Quem gosta do silêncio? Como podemos caraterizar o silêncio? Haverá etapas de silêncio, no dia-a-dia e na maturação da vida? Será pedagógico e necessário o silêncio? Como podemos criar condições para que haja (ou possa haver) silêncio? O silêncio será, efetivamente, uma linguagem de vida? Haverá diferença entre ‘estar calado’ e ‘sentir o silêncio’? Como entender a distinção entre cultivar o silêncio e ter de estar silenciado? O silêncio exterior não favorece e incentiva o silêncio interior na pessoa? Haverá técnicas para conseguir estar em silêncio, estando só ou com outras pessoas?

 1. Por estes dias o treinador de uma equipa de futebol recusou-se a falar porque o som ambiente do estádio – agora vazio e sem público assistente – estava, segundo ele, demasiado alto, não deixando ouvir nem falar em condições mínimas. Parece ser, hoje, uma corrente de comportamento essa em que as pessoas não conseguem estar num mínimo de silêncio, ao menos exterior: uma tal chinfrineira musical invade tudo e todos, quase questionando quem assim não vive se será normal…

 2. Há desportos e espetáculos onde o silêncio é como que exigido aos que assistem, tal é a concentração subjacente aos intervenientes. Nalguns casos, se houver prevaricadores barulhentos, são como que silenciados pelo resto dos espetadores, tornados, deste modo, como que participantes no espetáculo ou na ação desportiva. Claro que após o cumprimento da façanha – uma boa jogada, uma pega bem-sucedida, uma cantiga melhor executada – se dará uma explosão de aplauso, mas foi preciso guardar silêncio e estar calado para que isso viesse a acontecer…  
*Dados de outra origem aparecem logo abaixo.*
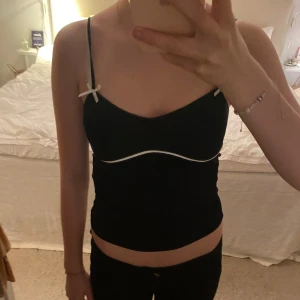 Söt topp - Svart topp med vita detaljer och rosetter. Storlek XS från Zara.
 3. Dizem alguns entendidos na matéria que o silêncio com conta-peso-e-medida equilibra a pessoa e fá-la amadurecer. Até as conversas entre as pessoas precisam de espaços de silêncio. Também neste aspeto o que vemos nas televisões e não só – mesmo no dito parlamento – é uma balbúrdia tal de vozes e de conversas que ninguém sabe quem diz o quê. Casos há em que gritaria se torna ofensiva a quem segue os pretensos debates. Temos vindo a crescer na malcriadez que nem feira ou campo de batalha. O pobre silêncio foi exorcizado do convívio social e mesmo do trato político, profissional ou mesmo cultural…
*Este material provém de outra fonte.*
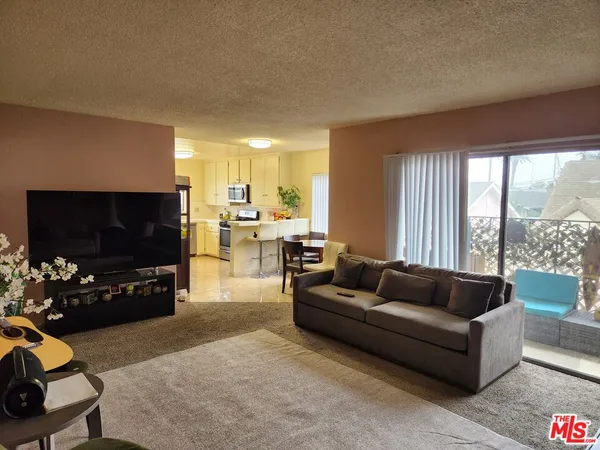 a kitchen with a sink refrigerator and microwave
 4. Com o afã das transmissões televisivas, radiofónicas ou de redes sociais das celebrações religiosas foi decrescendo o tempo de silêncio nas mesmas, quase havendo medo dos espaços vazios de não-barulho. Ora, a qualidade de uma celebração não se avalia pelo muito que se diz ou canta, mas pelo que se vive em intensidade, interioridade e contemplação. Urge, por isso, criar as condições para que as celebrações – digo-o do ponto de vista católico – tenham qualidade de silêncio e não seja preciso entreter o não-falar com uma musiquinha de fundo, quando devia ser um espaço preenchido de encontro com Deus em comunhão com os irmãos…pela assembleia reunida. Claro que é preciso saber criar as condições para que haja um silêncio celebrante, desde o tom de voz até às palavras ditas ou caladas, passando pelo contributo musical e de educação de todos para o verdadeiro silêncio…  

 5. A Semana Santa é, por excelência, o tempo do grande silêncio: as palavras calam-se diante do grande mistério de Jesus connosco e para nós. O próprio Jesus emerge em todo o processo da Sua paixão como um homem de silêncio. Até Deus se cala. Assumindo uma dinâmica narrativa, os textos da paixão-morte-ressurreição de Jesus são a maior lição de silêncio em toda a história da Humanidade, reduzindo ao mínimo as palavras e perpassando um silêncio profundo, que não é de morte, mas semente de Vida.

As celebrações dos diversos tempos da Semana Santa são um convite permanente ao silêncio, não vazio de palavras, mas prenhe de contemplação… que há de ser erupção de alegria em domingo de Páscoa. Com efeito, precisamos de viver a intensidade do silêncio no lava-pés, da narrativa joanina da Paixão, na adoração da Cruz – reduzida ao essencial – e do longo silêncio de sábado santo para que a vigília pascal seja de luz, de cor e de som divinos porque humanizados em Jesus, por Jesus e para Jesus vivo e ressuscitado!